_DATA SHOWN_
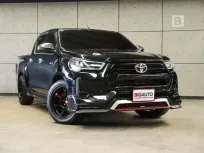 2023 Toyota HILUX REVO 2.4 Double Cab Z Edition Mid Pickup AT ไมล์แท้ 1 หมื่น มือแรกจากป้ายแดง B9709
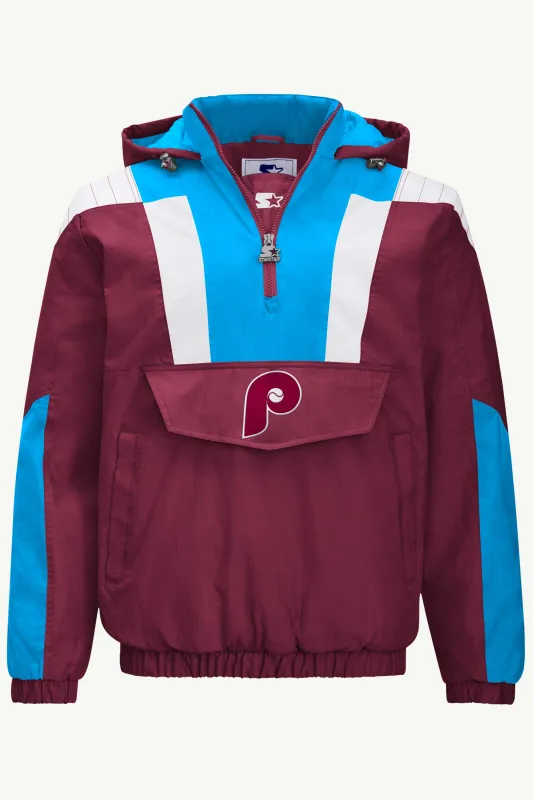 MENS PHILADELPHIA PHILLIES WINDBREAKER sold by Starter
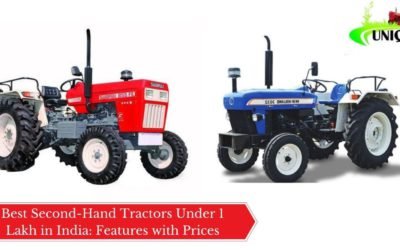 Best Second-Hand Tractors Under 1 Lakh in India: Features with Prices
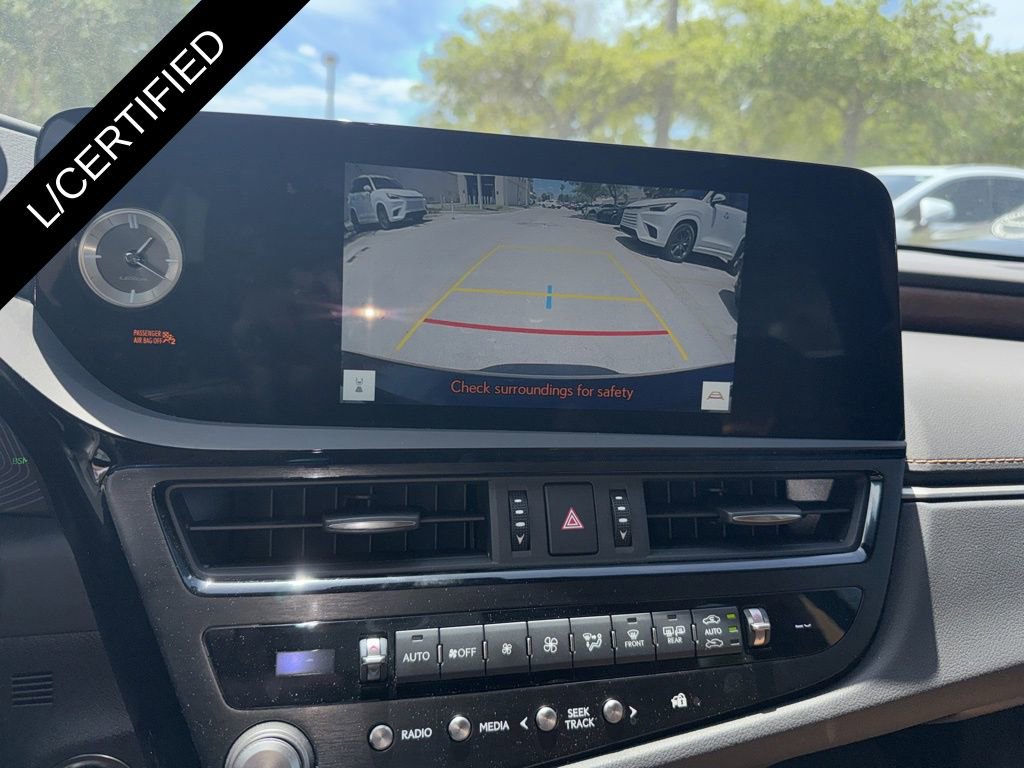 Used 2025 Lexus ES 350 w/ Premium Package image 19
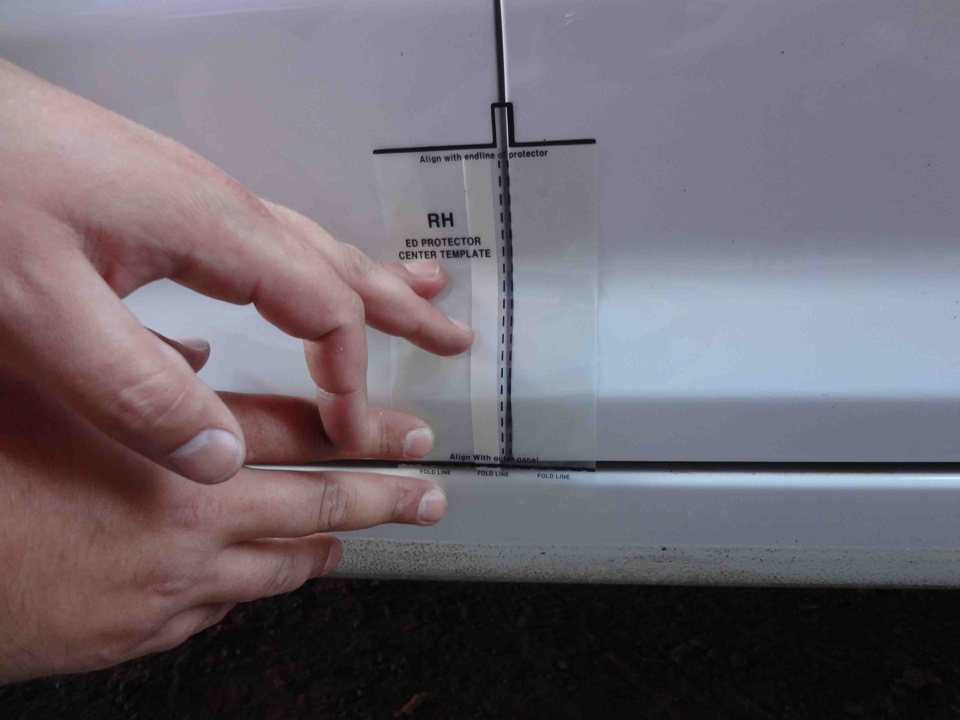 продолжаем БЖ — установка молдингов на двери — KIA Ceed SW (1G), 1,6 л ...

_TASK TO COMPLETE_
Give the data again exactly, image-free.

_THE COMPLETED TASK_
 2023 Toyota HILUX REVO 2.4 Double Cab Z Edition Mid Pickup AT ไมล์แท้ 1 หมื่น มือแรกจากป้ายแดง B9709
 MENS PHILADELPHIA PHILLIES WINDBREAKER sold by Starter
 Best Second-Hand Tractors Under 1 Lakh in India: Features with Prices
 Used 2025 Lexus ES 350 w/ Premium Package image 19
 продолжаем БЖ — установка молдингов на двери — KIA Ceed SW (1G), 1,6 л ...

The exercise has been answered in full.